**GOAL OF THE EXERCISE**
From the first line to the last, repeat the data exactly but leave out the pictures.

**DATASET EXCERPT**
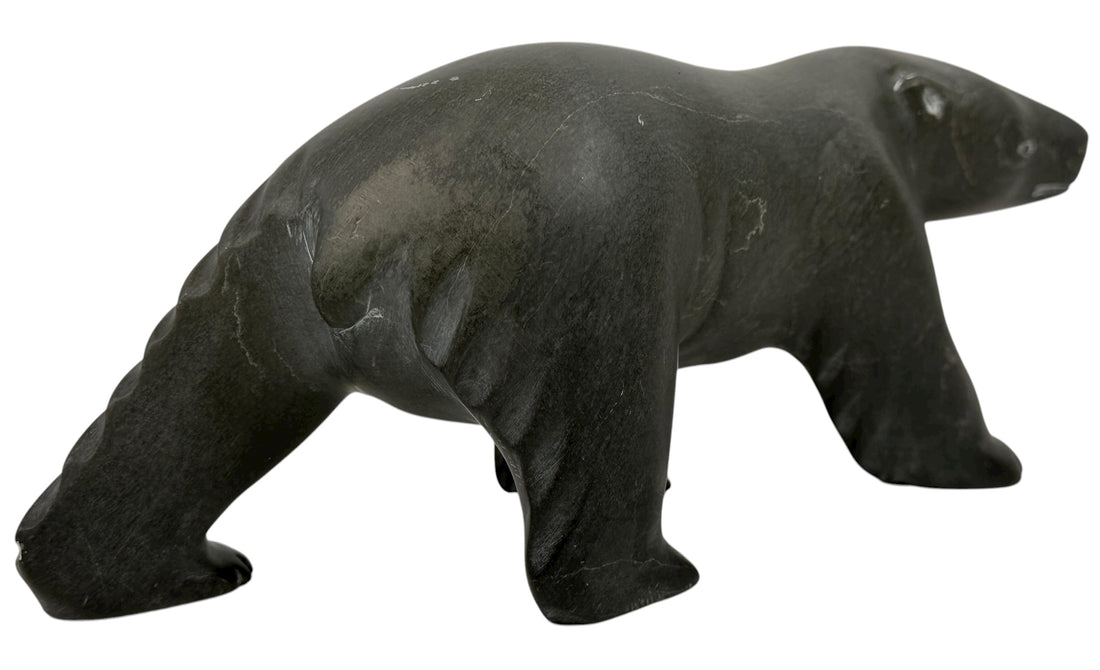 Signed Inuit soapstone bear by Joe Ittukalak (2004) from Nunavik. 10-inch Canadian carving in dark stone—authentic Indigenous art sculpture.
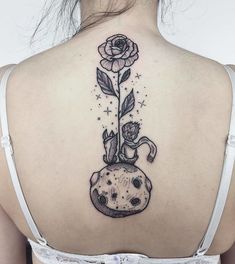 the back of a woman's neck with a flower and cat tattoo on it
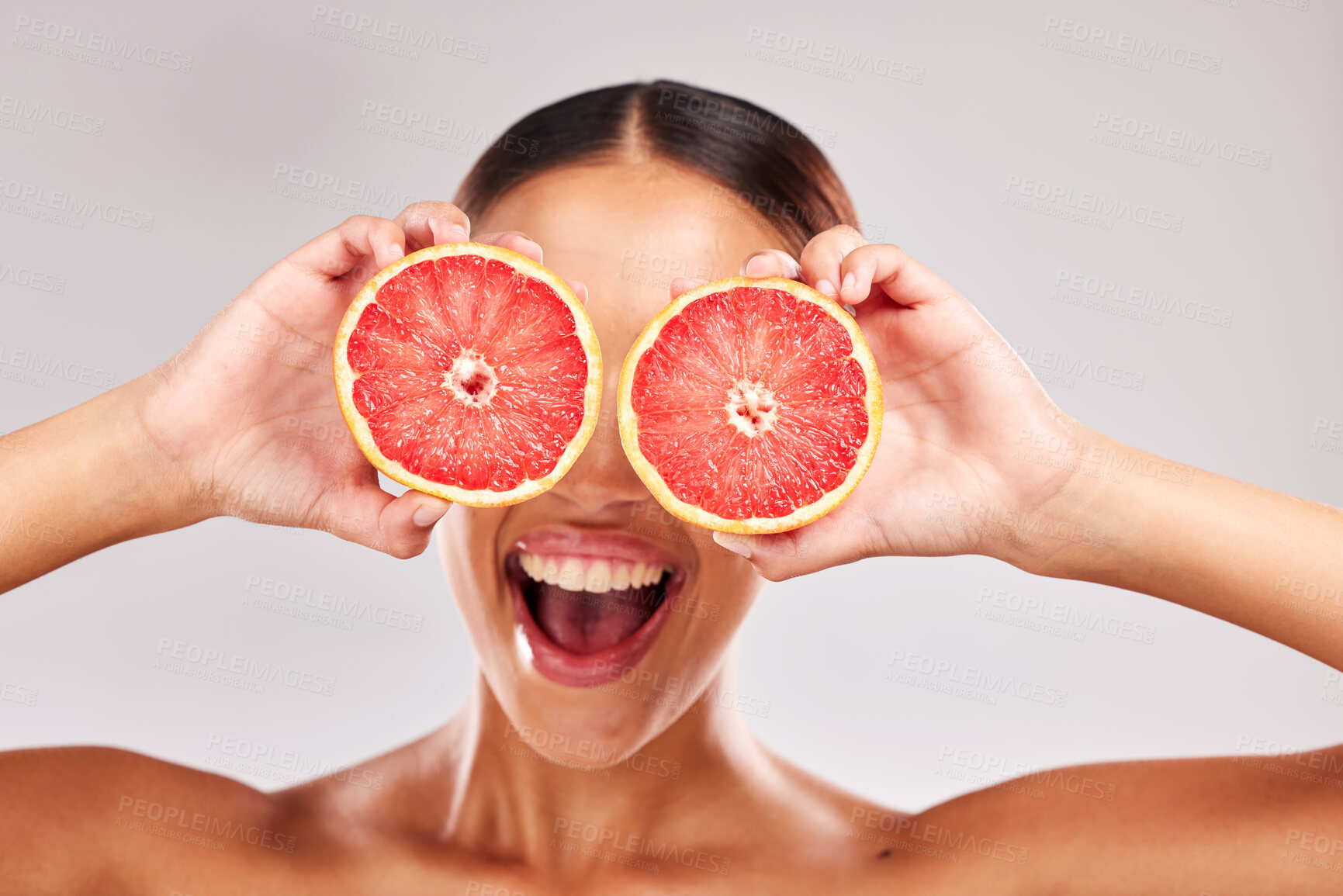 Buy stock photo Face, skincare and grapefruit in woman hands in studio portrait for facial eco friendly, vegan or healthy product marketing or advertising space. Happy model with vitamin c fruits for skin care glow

**TASK RESULT**
 Signed Inuit soapstone bear by Joe Ittukalak (2004) from Nunavik. 10-inch Canadian carving in dark stone—authentic Indigenous art sculpture.
 the back of a woman's neck with a flower and cat tattoo on it
 Buy stock photo Face, skincare and grapefruit in woman hands in studio portrait for facial eco friendly, vegan or healthy product marketing or advertising space. Happy model with vitamin c fruits for skin care glow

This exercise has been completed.